AIM OF THE EXERCISE:
From the listing below, copy only the lines from the line that contains "UMP-CMP Kinase rabbit pAb" to the line that contains "Light micrograph showing", counting those two lines as part of the copy.

RECORDS FOR PROCESSING:
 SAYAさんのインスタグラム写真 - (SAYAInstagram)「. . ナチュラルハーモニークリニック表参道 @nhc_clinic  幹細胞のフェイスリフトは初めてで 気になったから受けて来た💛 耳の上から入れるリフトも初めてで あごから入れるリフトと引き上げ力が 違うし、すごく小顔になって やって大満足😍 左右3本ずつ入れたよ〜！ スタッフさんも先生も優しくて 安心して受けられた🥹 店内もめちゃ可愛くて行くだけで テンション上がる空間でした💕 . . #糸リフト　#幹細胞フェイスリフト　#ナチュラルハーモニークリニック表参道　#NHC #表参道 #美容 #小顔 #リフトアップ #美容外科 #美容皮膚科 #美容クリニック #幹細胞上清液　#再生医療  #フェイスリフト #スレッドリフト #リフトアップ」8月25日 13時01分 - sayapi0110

==

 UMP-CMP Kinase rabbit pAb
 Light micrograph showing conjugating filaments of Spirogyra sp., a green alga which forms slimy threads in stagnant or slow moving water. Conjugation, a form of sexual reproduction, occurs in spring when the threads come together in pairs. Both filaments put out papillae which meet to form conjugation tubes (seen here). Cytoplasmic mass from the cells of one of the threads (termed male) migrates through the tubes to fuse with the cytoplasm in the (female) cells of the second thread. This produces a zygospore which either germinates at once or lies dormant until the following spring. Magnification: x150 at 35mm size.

==

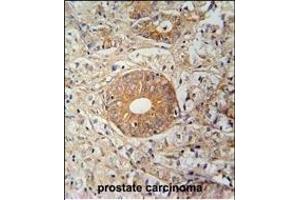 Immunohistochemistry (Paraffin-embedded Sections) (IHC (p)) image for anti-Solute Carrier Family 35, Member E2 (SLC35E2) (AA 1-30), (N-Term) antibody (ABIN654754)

SOLUTION:
 UMP-CMP Kinase rabbit pAb
 Light micrograph showing conjugating filaments of Spirogyra sp., a green alga which forms slimy threads in stagnant or slow moving water. Conjugation, a form of sexual reproduction, occurs in spring when the threads come together in pairs. Both filaments put out papillae which meet to form conjugation tubes (seen here). Cytoplasmic mass from the cells of one of the threads (termed male) migrates through the tubes to fuse with the cytoplasm in the (female) cells of the second thread. This produces a zygospore which either germinates at once or lies dormant until the following spring. Magnification: x150 at 35mm size.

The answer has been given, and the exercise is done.